→ The data:
########

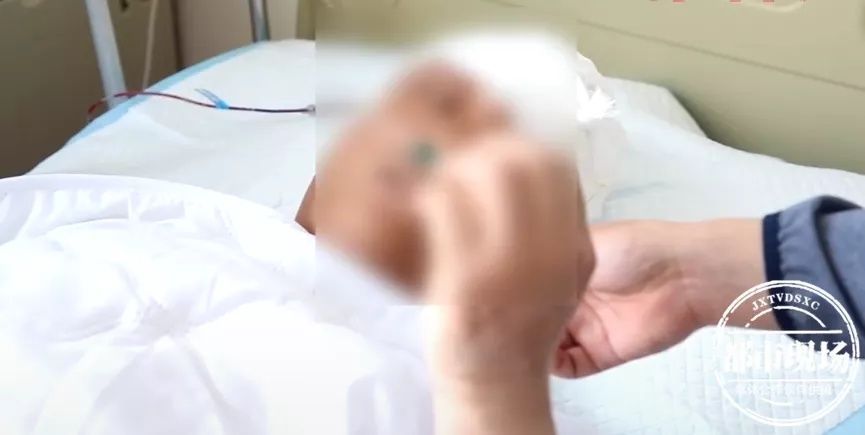 眉心|可怕！男子干活时，1个钉子突然射中眉心进入大脑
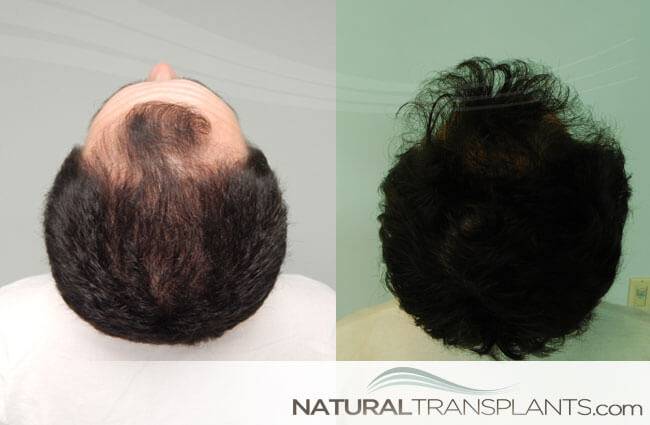 Natural Transplants, Hair Restoration Clinic | 1228 E 7th Ave #200, Tampa, FL 33605 | Phone: (813) 440-2598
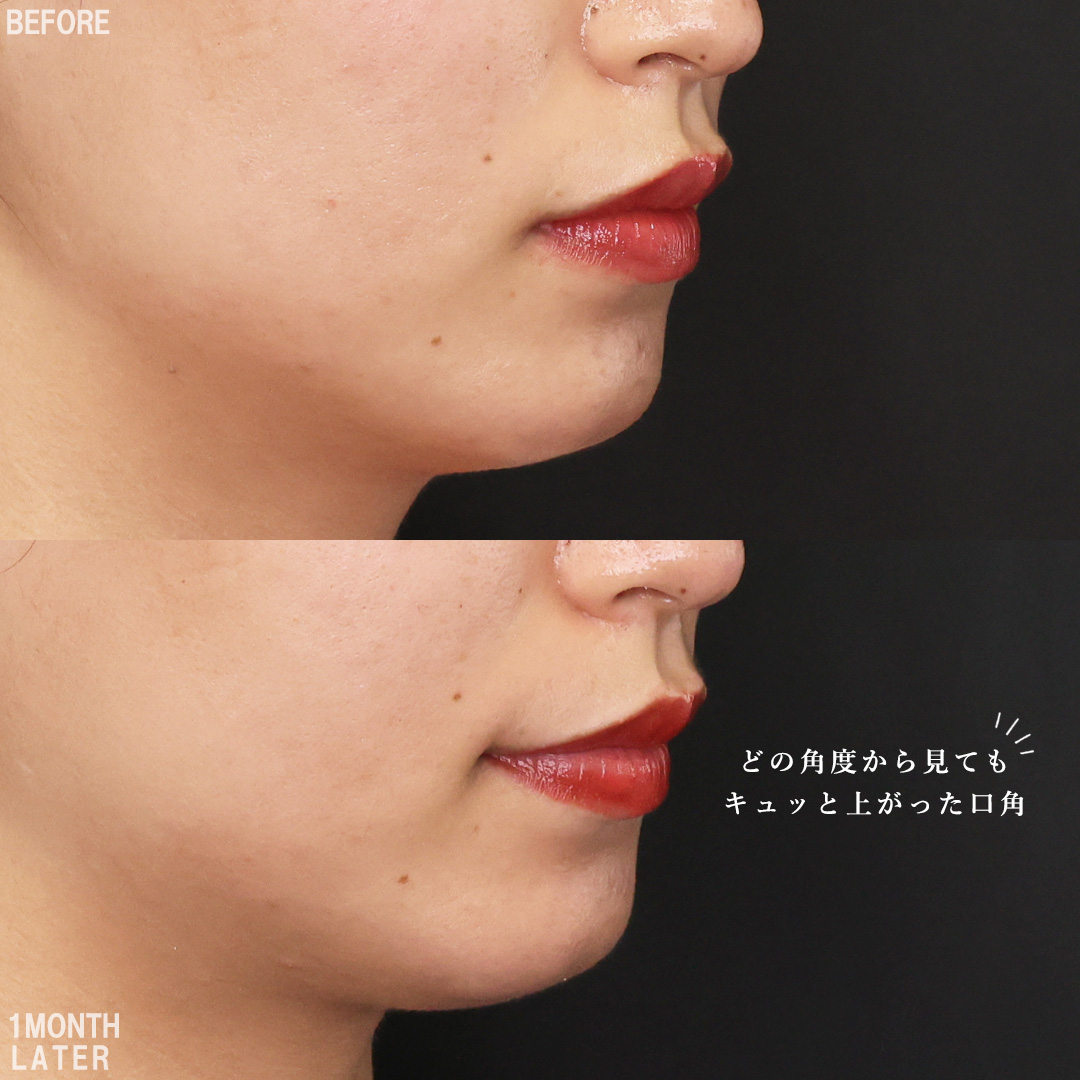 口角挙上・リフト（マイクロ切開法・内側法/口内法）/ボトックス注射：その他の症例写真 施術前後 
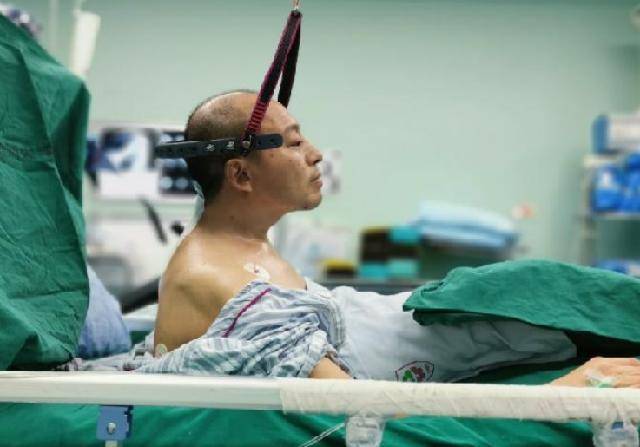 原创身体折叠28年历经四次艰难手术折叠人李华终重获新生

########

Would you copy all of the data exactly? Keep the pictures out of it.

 眉心|可怕！男子干活时，1个钉子突然射中眉心进入大脑
 Natural Transplants, Hair Restoration Clinic | 1228 E 7th Ave #200, Tampa, FL 33605 | Phone: (813) 440-2598
 口角挙上・リフト（マイクロ切開法・内側法/口内法）/ボトックス注射：その他の症例写真 施術前後 
 原创身体折叠28年历经四次艰难手术折叠人李华终重获新生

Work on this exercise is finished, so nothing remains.